Far out in the uncharted backwaters of the unfashionable end of the western spiral arm of the Galaxy lies a small unregarded yellow sun. Orbiting this at a distance of roughly ninety-two million miles is an utterly insignificant little blue green planet whose ape-descended life forms are so amazingly primitive that they still think digital watches are a pretty neat idea.

Douglas Adams – The Hitchhiker’s Guide to the Galaxy

I don’t still wear a digital watch, but I do like other things that are almost as unhip. In particular, I pine for the time about twenty years ago when web feeds looked like they were about to take over the world. Everyone had their favourite feed reader (I still miss Google Reader) and pretty much any useful web site would produce one or more web feeds that you could subscribe to and follow through your feed reader. For a few years, it was almost unthinkable to produce a web site without publishing a feed which included the changes to the site’s content.
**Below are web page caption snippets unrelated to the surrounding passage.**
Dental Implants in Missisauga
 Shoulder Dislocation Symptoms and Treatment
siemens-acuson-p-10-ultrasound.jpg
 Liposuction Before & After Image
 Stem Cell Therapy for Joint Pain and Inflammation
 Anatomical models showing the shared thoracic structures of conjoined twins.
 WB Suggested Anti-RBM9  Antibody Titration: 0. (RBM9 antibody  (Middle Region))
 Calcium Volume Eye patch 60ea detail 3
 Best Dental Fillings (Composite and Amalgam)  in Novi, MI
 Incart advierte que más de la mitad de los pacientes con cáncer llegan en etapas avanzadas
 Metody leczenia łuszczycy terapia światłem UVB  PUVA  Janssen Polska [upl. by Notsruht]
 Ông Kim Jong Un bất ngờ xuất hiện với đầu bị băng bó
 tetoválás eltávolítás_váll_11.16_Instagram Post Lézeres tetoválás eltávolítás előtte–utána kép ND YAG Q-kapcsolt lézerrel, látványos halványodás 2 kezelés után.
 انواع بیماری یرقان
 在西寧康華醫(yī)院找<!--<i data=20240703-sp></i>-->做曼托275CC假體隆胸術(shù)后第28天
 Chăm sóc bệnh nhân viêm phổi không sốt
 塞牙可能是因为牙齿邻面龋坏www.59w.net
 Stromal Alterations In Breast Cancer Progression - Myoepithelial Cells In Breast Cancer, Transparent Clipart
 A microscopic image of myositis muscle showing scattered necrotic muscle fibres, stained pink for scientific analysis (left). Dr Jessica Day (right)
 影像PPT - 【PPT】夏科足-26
Then, at some point, that changed. It wasn’t that web feeds vanished overnight. They still exist for many sites. But they are no longer ubiquitous. You can’t guarantee they’ll exist for every site you’re interested in. I remember people saying that social media would replace them. I was never convinced by that argument but, interestingly, one of the first times I noticed them vanishing was when Twitter removed their web feed of a user’s posts. They wanted people to use their AP instead (so I wrote twitter-json2atom that turned their API’s JSON into an Atom feed – I suspect it no longer works). Honestly, I think the main reason for the fall in popularity of web feeds was that people wanted you to read their content on their web sites where the interesting content was surrounded by uninteresting adverts.

But, as I said, not all web feeds vanished. There are still plenty of them out there (often, I expect because the sites’ owners don’t realise they’re there or don’t know how to turn them off). And that means the web feed-driven technologies of the early 2000s can still be useful.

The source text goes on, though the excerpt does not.